PD4ML v4 API Usage Examples
Clone or download
Igor Repinetski
Igor Repinetski minor formatting changes
Latest commit 800344a Jan 11, 2019

README.md

pd4ml-examples

PD4ML v4 is already released and available for download.

The actual PD4ML v4 release v4.0.1 still has some restrictions (comparing to v3.10): RTL (i.e Arabic) script support disabled; <pd4ml:page.break> attributes ignored; some others. The features will be available in the forthcoming releases.

The new product Web-site is currently under construction and going to be available soon.

New in PD4ML v4

  1. PD4ML is Maven-centric now. Each v4 release is published to Maven repository (See pom.xml for its current location). Also nightly builds are available in the repository as snapshots. The repository libraries are supplied with Javadoc JARs and optionally with source code JARs (access restricted to PD4ML SRC licensees)

  2. The main PD4ML class package is com.pd4ml now. For backward (to some extend) compatibility PD4ML JAR includes deprecated wrapper PD4ML classes in org.zefer package. It is recommended to switch/migrate to the new API.

  3. PD4ML v4 is based on a new, totally re-implemented HTML rendering engine with a support of more HTML5/CSS3 features. Unfortunately HTMLs optimized for previous PD4ML versions may render with visual differences.

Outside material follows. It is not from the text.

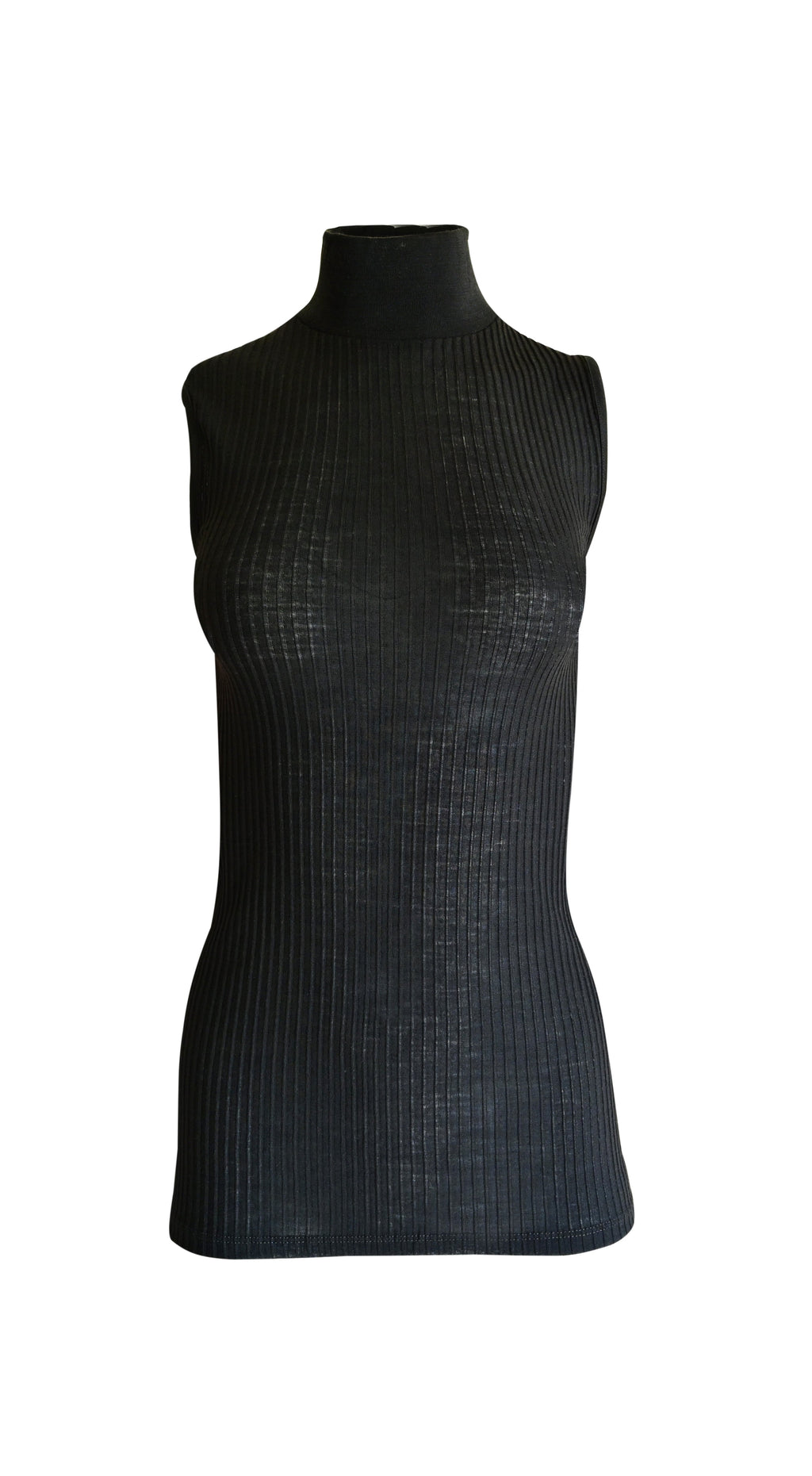 tittimitti EGI Exclusive Collections Merino Wool Blend Mock Neck Sleeveless Top. Proudly Made in Italy (8208) — lifestyle con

  4. PD4ML v4 now supports Tagged PDF, and based on it PDF/UA (as well as PDF/A-2a) document output. PDF/UA support is of interest to persons with disabilities who require or benefit from assistive technology when reading electronic content.

  5. PD4ML v4 changes the default HTML-to-PDF scale factor. If setHtmlWidth() method is not explicitly invoked, it auto-computes the value to perform a conversion with 72dpi scale factor. The value depends on chosen target file format (default is portrait A4) and page margins (default is 10mm for PDF, 0mm for images)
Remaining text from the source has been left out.